En lo que aquí interesa, lo llamativo del caso está en que Remo saltó la muralla para burlarse de Rómulo. Es decir, la primera agresión en contra de los muros de Roma proviene de un humorista. Tan pronto como ve un muro, el impulso irrefrenable del bromista es traspasarlo. No utiliza catapultas ni armas de asedio. En vez, salta sobre el muro graciosamente, a pecho descubierto y con una sonrisa en la cara. Los pies son ligeros y la mirada, tan juguetona como desafiante, se posa tranquilamente sobre los ojos del guardián. La respuesta de Rómulo es tajante: esta muralla es sagrada y no se puede traspasar, ni siquiera por mi propio hermano… ni siquiera en broma.

Desde entonces, Occidente viene haciéndose la misma pregunta: ¿no se le habrá pasado la mano a Rómulo castigando así a su hermano Remo? Desde un punto de vista serio, Rómulo tenía razón. Las murallas deben defenderse. La vida cívica es un espacio pacífico de amistad y todo gesto de violencia ha de ser categóricamente rechazado. En esto, los serios se muestran rígidos e hipersensibles. Los valores que fundamentan la vida en sociedad se los considera sagrados, intocables, frágiles y fácilmente vulnerables. No hay espacio para ser ambiguos en su defensa.
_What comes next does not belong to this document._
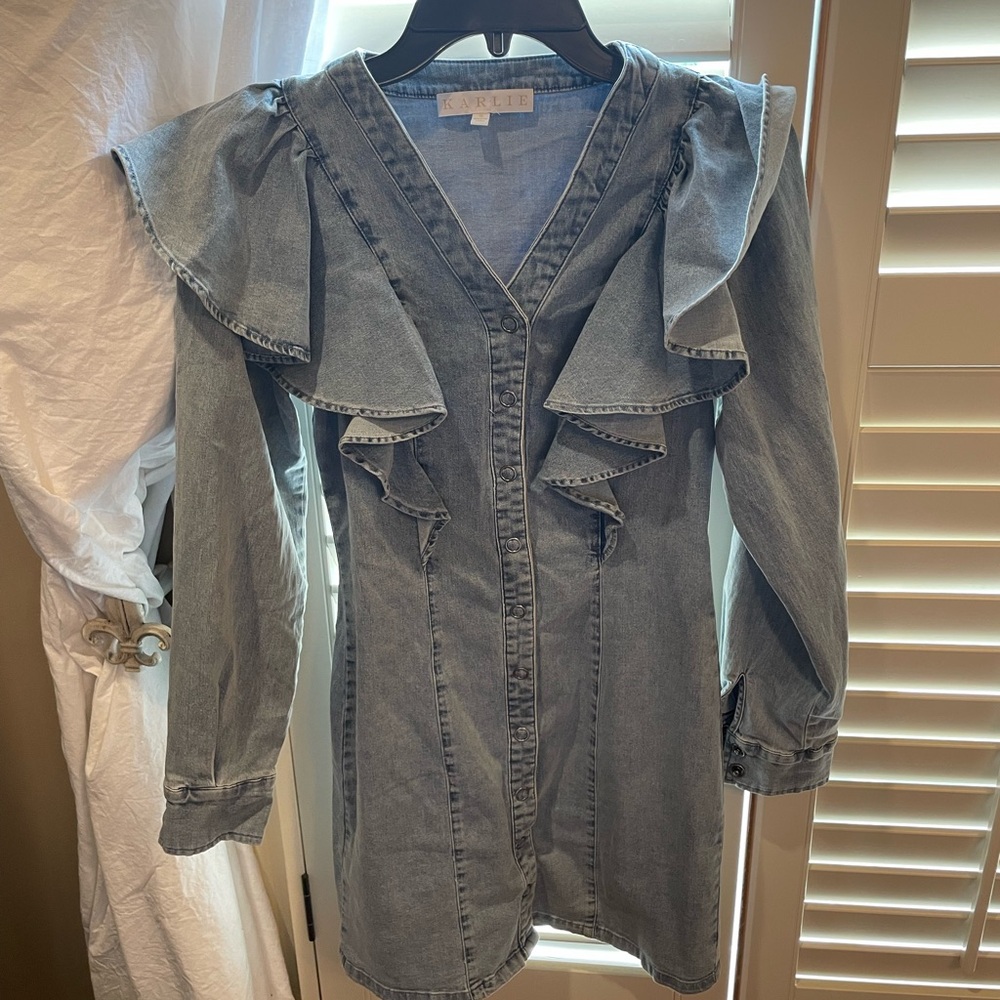 Karlie Denim Ruffle Dress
El humorista opina distinto. Estima que los muros deben existir, pues también él es un ciudadano. Es obvio que el humor es un ejercicio de la libertad que requiere protección legal. Pero, al mismo tiempo, el humorista tiende a ver las reglas del derecho como límites porosos. Entonces, agrede, sí, pero no agrede seriamente. Sus intenciones son siempre indescifrables y eso exaspera a los serios, que no entienden si les hablan en serio o si les están tomando el pelo. A su modo, el bromista considera que la única manera de proteger la paz y la libertad es fustigándolas, azuzándolas por todos lados, sacándoles trote. El humor es un ejercicio de purificación o, si hemos de seguir a Nietzsche, de elevación. De otro modo, los valores cívicos se osifican. Vemos, pues, que la violencia reingresa a la ciudad de la mano del humorista bajo una forma suave, ambigua, risueña y rinde, también ella, su necesario tributo a la paz y la amistad. Corresponde a los jueces decidir cuándo imponer la paz y el orden y cuándo, más bien, los sagrados muros del derecho deben proteger también a los cómicos.